Историкам хорошо известно, что технология провоцирования «цветных революций» не является американским изобретением. Одним из примеров провоцирования революции могут послужить мартовские события 1848 года в Берлине. В начале месяца здесь проходили митинги, на которых либеральная интеллигенция призывала рабочих к составлению петиции с требованиями политических свобод. 17 марта на собраниях горожан было принято решение на следующий день идти к дворцу и предать королю петицию с требованием свободы печати и созыва ландтага.
Однако король пошел на уступки – поэтому запланированное шествие превратилось в верноподданническую манифестацию. В разгар манифестации группа демонстрантов подняла черно-белое знамя революции (позднее оно стало красным), начались беспорядки и охранявшие дворец солдаты открыли огонь по толпе. Народ отхлынул на соседние улицы и начал строить баррикады; студенты бросились в предместья поднимать рабочих – так началась революция 1848 года в Германии.
События 9 января 1905 года, в общем, повторяли эту схему – причем вмешательство внешних сил сделало их еще более похожими на современные события. В начале русско-японской войны японский Генштаб поручил полковнику Акаси Мотодзиро организовать взаимодействие всех антиправительственных движений с целью дестабилизации обстановки в России. Финский националист Конни Циллиакус предложил Акаси созвать конференцию российских оппозиционных партий и согласовать планы подрывной деятельности. Самурай, имевший свои понятия о чести, поначалу не верил, что такое возможно. «Циллиакус сказал мне, – вспоминал полковник Акаси. – “Вы, несомненно, считаете позорным, что патриоты, которые имеют собственные политические взгляды… планируют разрушить свой дом во время национального кризиса, но это – неверное понимание российских внутренних дел”».
Оппозиционеры имели свое «понимание внутренних дел». Они открыто радовались победам японцев. Немецкий журналист Гуго Ганц писал из Петербурга, что общей молитвой либералов было: «Боже, помоги нам быть разбитыми!» На организованной Акаси и Циллиакусом Парижской конференции в сентябре 1904 года присутствовали лидеры эсеров, либерального «Союза освобождения» и шести националистических партий. «По совершенно секретным сведениям, – гласит докладная записка Департамента полиции, – в начале осени в Париже состоялся конгресс революционных деятелей, на котором между прочим было решено предпринять усиленную агитацию в России с целью возбуждения целого ряда политических волнений, которые могли бы окончательно дезорганизовать правительство, а затем к концу января создать грандиозные уличные беспорядки с участием рабочих масс.
Для руководства этим движением должен был сформирован особый “комитет” из представителей либеральной, радикальной и революционной групп.
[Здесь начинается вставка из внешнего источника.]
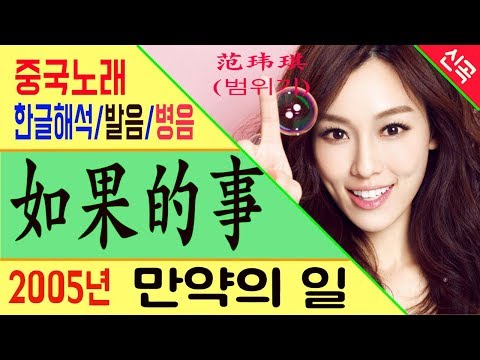 [Chinese song / 중국노래] 如果的事 (여과적사) 范玮琪、张韶涵 (범위기,장소함) /가사/해석/한글발음/병음 /拼音/Lyrics
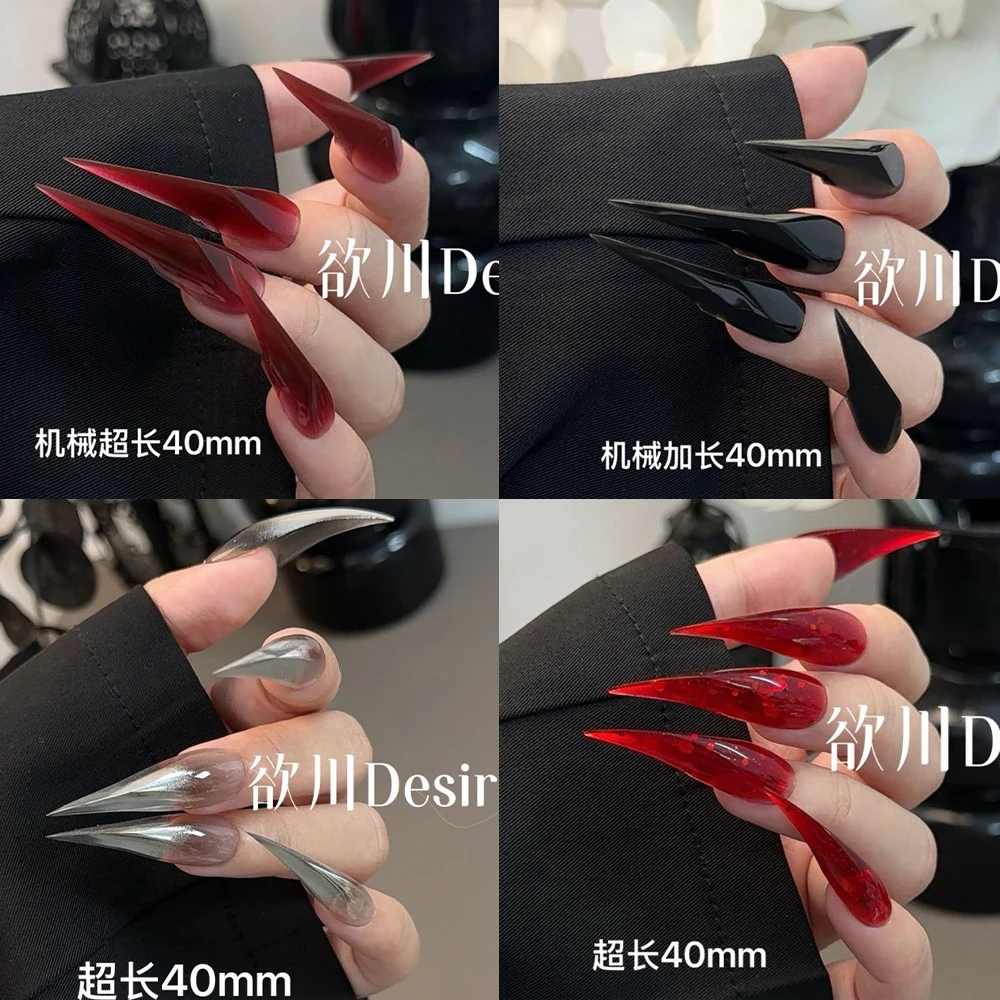 

Spice Girl Colorful Long Beast Claws Dragon Shaped Claw Handmade Press On Nails Wave Point Cat Eyes Rivet Gradation Fake Nails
По тем же негласным сведениям упомянутый комитет действительно составился…» И далее докладная записка перечисляет членов этого «Комитета»: писатели А. М. Горький и Н. Ф. Анненский, публицисты-народники А. В. Пешехонов и В. А. Мякотин и либеральный адвокат Е. И. Кедрин.
«Комитет» работал в тесном взаимодействии с петербургской группой «Союза освобождения», которую возглавляли В. Я. Богучарский, С. Н. Прокопович и Е. Д. Кускова. Первым делом оппозиционеры решили наладить антиправительственную агитацию и купили две газеты: «Сын Отечества» и «Наша жизнь». Редакция «Сына Отечества» почти полностью состояла из членов «Комитета», и газета служила прикрытием для его деятельности. Обе газеты развернули активную антиправительственную кампанию – как выражался князь М. Шаховский, «началась вакханалия печати, занявшейся обливанием грязью нашего государственного строя».
На фоне этой кампании 6-9 ноября был проведен «Земской съезд», который потребовал создания «народного представительства». Затем были организованы студенческие демонстрации; во время демонстрации 5 декабря в Москве был впервые опробован метод провокации: «неизвестные» из толпы стали стрелять в полицию – но полиция не стала отвечать стрельбой по толпе и ограничилась использованием сабель плашмя.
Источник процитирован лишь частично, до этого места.